As forests in Kachin state are depleted, timber is also being sourced from deeper inside Myanmar, says a new report on the Myanmar-China illegal timber trade, released on Thursday (Sept 17) morning in Beijing by the UK-based Environmental Investigation Agency (EIA).

''Kachin and Yunnan province in China are at the heart of trade but stolen timber is increasingly being sourced from deeper within Myanmar to feed factories in south and east China. The bulk of the timber moving across the border is now high value species of rosewood and teak'' says the 24-page report, a product of several investigative trips in the area since 2012.

 Most timber entering the neighbouring Chinese province of Yunnan, is either cut in or transported through Kachin state.

"All parties profit… from shady Chinese businesses paying in gold bars for the rights to log entire mountains to the official corruption which allows the timber to pass through various checkpoints,'' the report says.

 At stake are some of the most ecologically important remaining forests in South-East Asia; the Greater Mekong Subregion which includes Myanmar is projected to lose a cummulative 30 million hectares by 2030, mostly to the expansion of illegal logging, commercial plantation agriculture, and urban infrastructure development.

 Myanmar alone lost a total of 1.7 million hectares of forest cover between 2001 and 2013. With forests in Thailand and Vietnam largely denuded outside protected areas, those two countries are also hungry markets for Myanmar's timber. But with a land border of more than 2,000 kilometres with China, its massive neighbour to the north is the main market.

 In theory, Myanmar's legal framework and tracing system for timber are sound, the EIA said. But the political reality is that Naypyitaw has little or no control over vast swathes of border states.

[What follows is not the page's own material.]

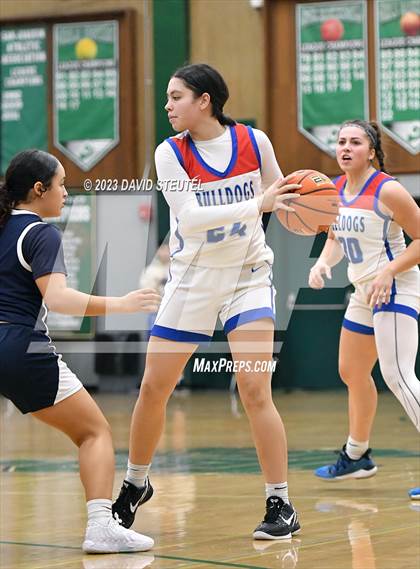 Thumbnail 2 in San Joaquin Memorial vs. Folsom (St. Mary's Stockton MLK Showcase) photogallery.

For example, the military controls only around 60 per cent of Kachin state. The rest is controlled by Kachin armed groups, which levy taxes on trade through their territory. Local armed groups grant logging rights - which is illegal under national law. The trade is controlled by enormously wealthy and well-connected local businessmen and women, some of whom are named in the EIA report.

Myanmar banned the export of raw logs in April 2014. In January 2015, Myanmar's army raided an illegal logging operation in Kachin state, arresting 155 Chinese loggers who were in July given long jail sentences - but freed only days later as part of a wider annual presidential pardon.

 Regardless of its origin or where it crosses into China, once timber enters China, it is considered legal for trade and distribution provided all entry taxes have been paid. One single company, Jinxing Trading, was China's biggest importer of the increasingly rare rosewood from Myanmar in 2014 - to the tune of 34,274 tonnes, according to official customs documents.

 The report cited Myanmar government officials complaining that Chia did not do enough to stop the trade. China as the main market must tighten its regulations, prohibit import of timber deemed illegal by the Myanmar government, and investigate corrupt business groups, the EIA said.